No special test record is required to register that Sleipner and Co. elicit more room information than most competitors with well known recordings: The sound emanating from the speakers is happening even more naturally, imaginary rooms seem even more sweeping - I really have to pull myself together to avoid the obvious term "airier", otherwise it would have been too close to a corny pun about the bearing technology of the Sleipner. The tonearm and turntable convey the music completely without any spectacle or effects. The Sleipner keeps the sound of the record in the foreground - the turntable is far too reserved to impose its own stamp on the whole thing. However, the quality of the tonearm and turntable steered clear of reproducing any mechanically induced artifacts like few others - again a parallel to the Continuum. This freedom from noise not usually detectable on the record, is first produced during the playback operation. It enables the Sleipner to apparently extract more information from the grooves. Of course, other turntables also pick this up. However, they do mask tiny fine information with only the slightest bearing noise.
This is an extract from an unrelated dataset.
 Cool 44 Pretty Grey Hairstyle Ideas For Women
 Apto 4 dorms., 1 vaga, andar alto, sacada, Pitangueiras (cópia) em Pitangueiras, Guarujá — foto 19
Just for fun, I put on the stereo laboratory version of the London/Decca SXL 6529: Holst “The Planets” with an orchestra array like in a widescreen format picture, full of dynamics and emotion, and yet so refined as never before. Of course, there are Japanese audiophile pressings with slightly less operating noise than German or even American pressings. But, if my memory serves me correctly, the silence in the record grooves with no signal, thanks to the Sleipner, is once again even more intense. The instruments of the Los Angeles Philharmonic Orchestra shine more impressively and with stronger tonal colors than ever before. No wonder that I didn’t have to activate the tonearm cueing mechanism as I am used to doing during the sound spectacle "Mars", but let the record play through to the end. No, I do not want to invoke the cliché that you will re-discover your record collection with the Sleipner. But even if you have previously enjoyed your records with extremely good equipment, you are likely to discover even more room information and some additional detail with the Sleipner. Too bad that Johnnie Bergmann is going to pick up his top model soon to demonstrate it at the High End show in Munich. I can not say how well the rest of the system there will harmonize with the room or whether the neighboring exhibitors will be limited to volume levels that allow the great skill of the Sleipner to be experienced. If it plays there the way it did in my listening room, this experience alone justifies a visit to the trade show.
Briefly back to my initial thesis: Thanks to its very special platter bearing technology, the Sleipner keeps itself sonically out of the music more than almost any other turntable known to me. And this restraint is shared with its developer: There aren’t any showmen at work here.